Their work explores the discourse between western women versus African women, male versus female, tradition versus modernity, and local versus global. The female artist in Africa is still secondary compared to her male counterparts. This inequality is exemplified by the low number of women participating in exhibitions and workshops.
These artists broke the barrier of the male-dominated art world, proving and celebrating the female artistic identity. They analyze the challenges faced by contemporary society without deference. They overturn preconceptions and taboo, they bring us into their intimate lives and they are not scared of revealing their and our darkest fears.
The Female Artists’ Platform in Lagos has been promoting and sustaining female African artists since 2008. Founded by the non-profit organization African Artists’ Foundation, it aims to draw attention to female artists and designers living and working in Africa, unearthing and developing new talents, introducing new art forms, and highlighting the diversity of women who are exploring ways to express themselves through visual art.
The Female Artists’ Platform program is designed to help, encourage, challenge and develop women interested in visual art, and to provide unimpeded opportunities for the expression of their perspectives and reactions.
Joana Choumali (b. 1974) is a freelance photographer based in Abidjan. In her last work, Awoulaba/taille fine (awoulaba means ‘beauty queen’ in Baule language), Joana investigates the concept of beauty and bodily perfection. What is it to be considered to have a perfect body? She began her photographic composition by documenting the local manufacturers in Cote d’Ivoire that produce mannequins with body shapes more associated with those of African women. All of this constitutes the hybrid representations of what a ‘perfect woman’ is supposed to be: the real one and the perfect one, all at the same time. The final image results in a disconcerting and destabilizing ensemble of shapes, symbols, colors and ideas.

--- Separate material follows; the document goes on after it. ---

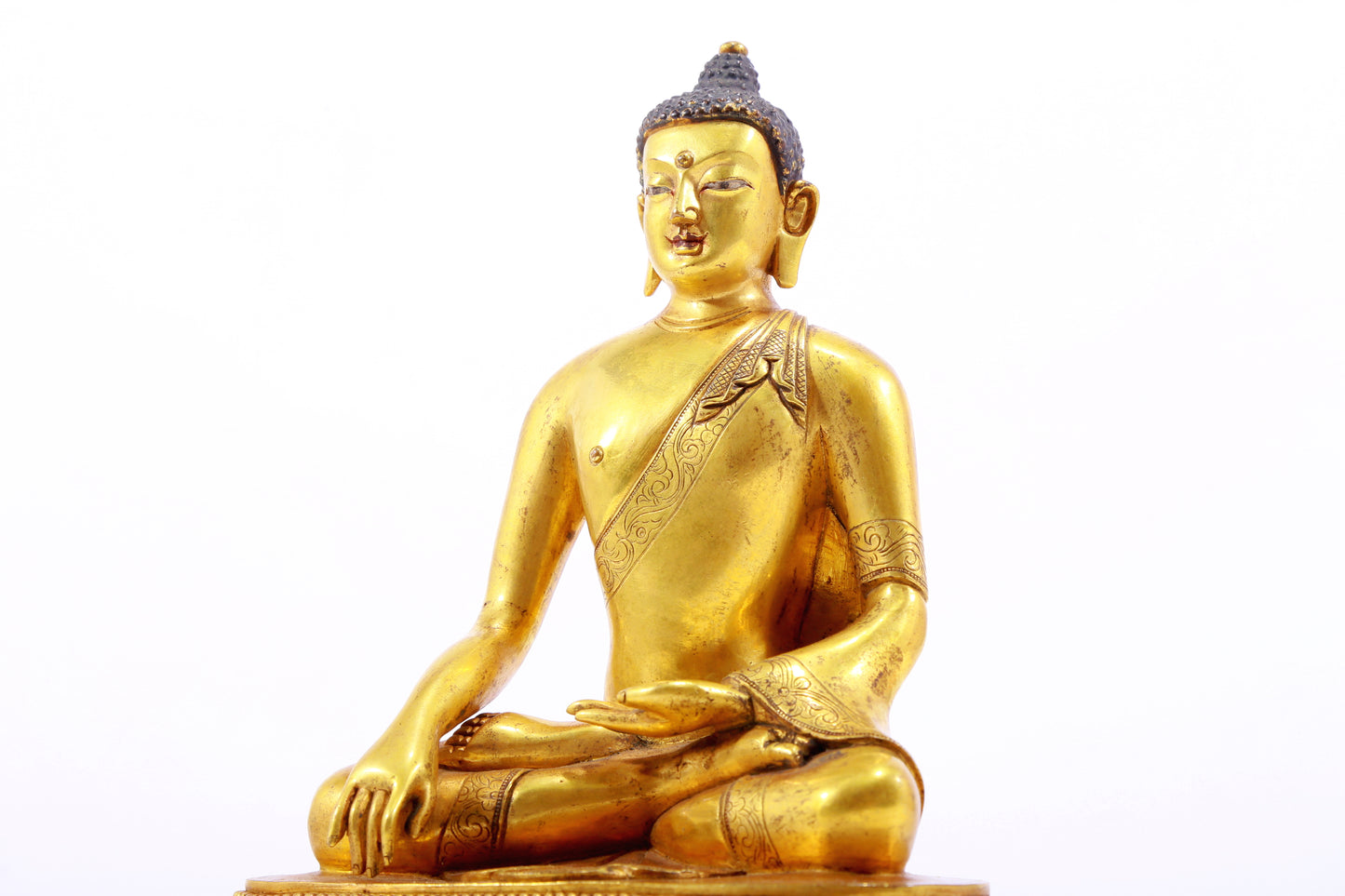 A gilt bronze statue of Gautama Buddha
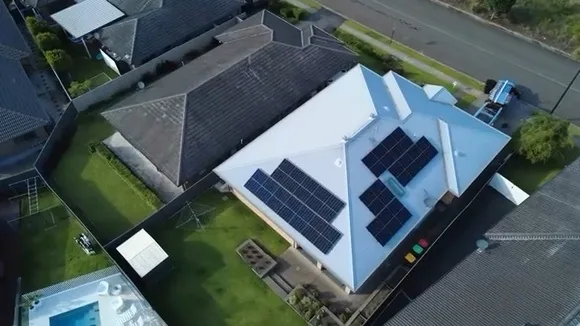 Aerial view of solar panels installed on a blue-roofed home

Namsa Leuba (b.1982) is a half-Guinean and half-Swiss photographer. During the past two years, her research focused on African identity through western eyes. In the series The African Queen, Namsa was inspired by African women. She tries to re-contextualize African elements through her camera, bringing these elements into a framework for occidental taste and aesthetic choices. She produces what she calls an ‘intervention’ on the models and on their typical African clothes. She tries to change the classic western perception of African culture. In every photograph Namsa always reconciles these two cultures. As these traditional objects become increasingly distant and unfamiliar in a fashion and western context, this body of work sheds light on two different cultural aesthetics through the personal experience of multi-cultural heritage and the performative intervention of the photographer.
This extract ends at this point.